Howver, on the point of the basic concept -- a *LOT* of spam filtering
techniques were around before SA. Procmail certainly chief among the tools
providing access to spam filtering. I think it's safe to say that SA did a
lot of reinvention itself. If reinventing the wheel is such a stupid idea,
what on earth were the people involved in SA thinking?
People here CHOOSE to use Procmail, and while you're certainly welcome to
the opinion that SA (resource-hungry as it is) is more capable than
procmail, don't expect that people who've been using procmail nearly since
it's inception are really going to expect that they can't produce a more
effective and tuneable solution than something directed at the masses.
Even without spam, I'd be using procmail, and not just for mere filing into
folders either. If I've got it already, why add ANOTHER tool to the mix
when procmail can handle it quite readily?
While I can send any of my cars to a garage and have them do work on them,
I choose to do most everything myself (except wheels, and machining
obviously goes out to a machine shop) - *I* retain far more control that
way. Since I understand how they work and have the necessary tools and
experience, this is a feasable option for me. It's not the same for
somebody picking up a wrench for the first time, without complete service
documentation thinking they can dive in and do a better job at an engine
overhaul than a well-equipped professional mechanic.

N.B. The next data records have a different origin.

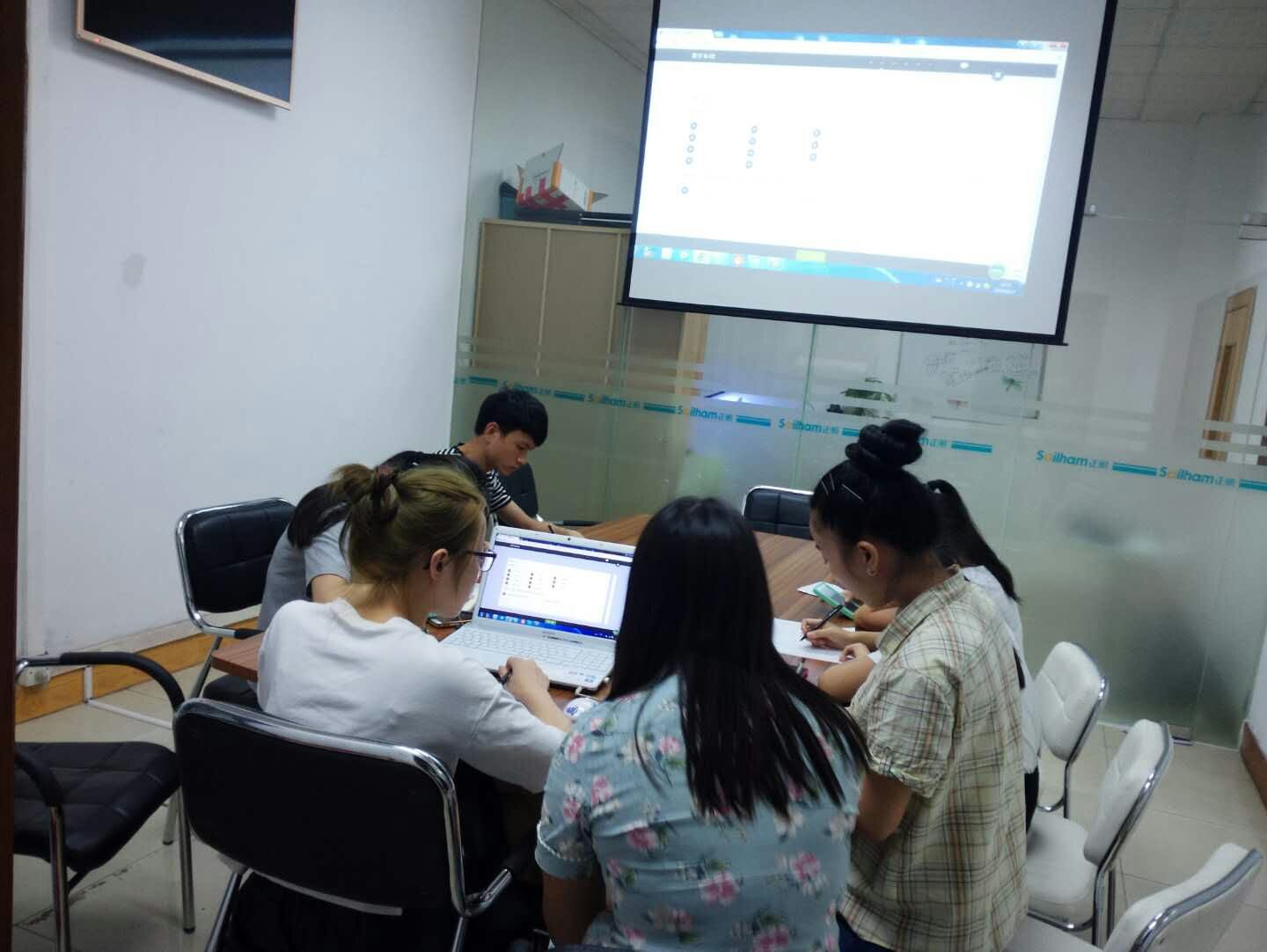 東莞市正航儀器設(shè)備有限公司培訓(xùn)會議實(shí)拍圖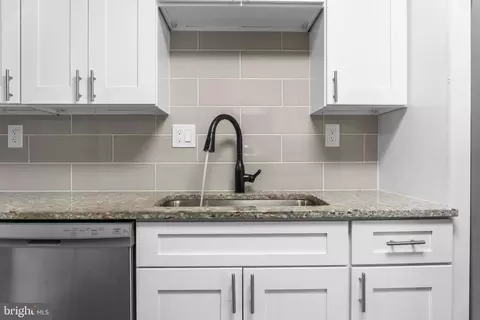 Kitchen - 10807 Bucknell Dr #22, Silver Spring, MD 20902 photo 4 of 4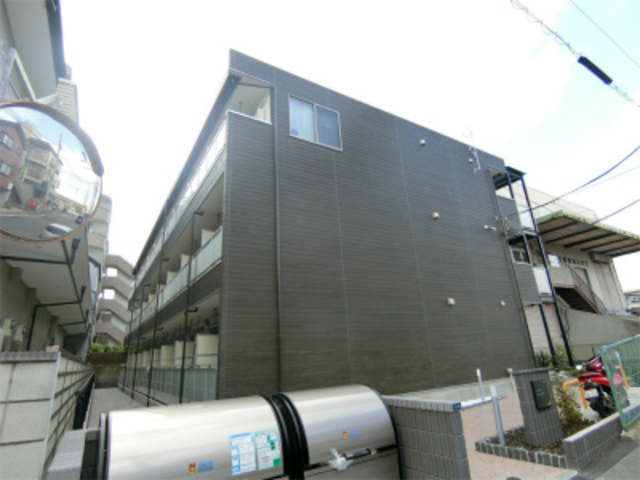 横浜市港北区新吉田東のマンションの建物外観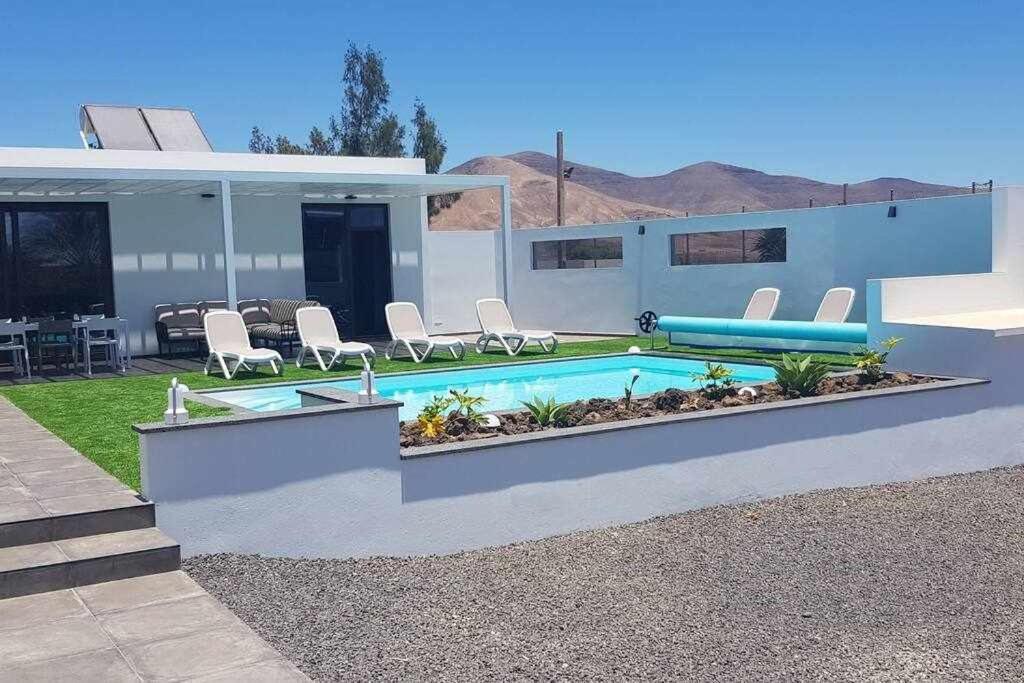Villa Ponzos Chalet Independiente Y Privado Triquivijate Екстериор снимка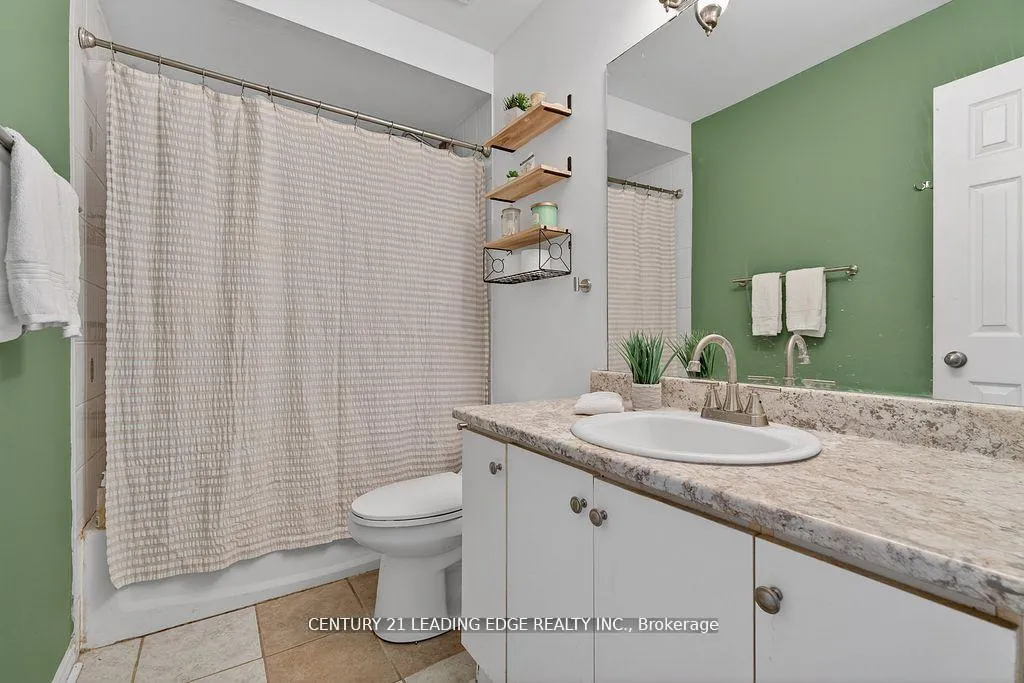 Photo 28 of 56 Ivory Court, Clarington, Bowmanville — HOMEH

Somebody new to mail filtering is certainly likely to find taking their
mail to a canned solution is going to work better for them. That DOES NOT
mean that the canned solution is in fact better than what someone with a
clue can manage themselves (or via a forum such as this).
> 3) Procmail as I have it configured is about 100 (or is it 500?)
> times lighter on the machine. Most of my tests are headers-only.
In that case I'd just need to change some names and get lots of spam thru.
You cannot fight spam almost only with header rules unless you use a lot of
name-specific blocking and risk a high FP rate (which you have).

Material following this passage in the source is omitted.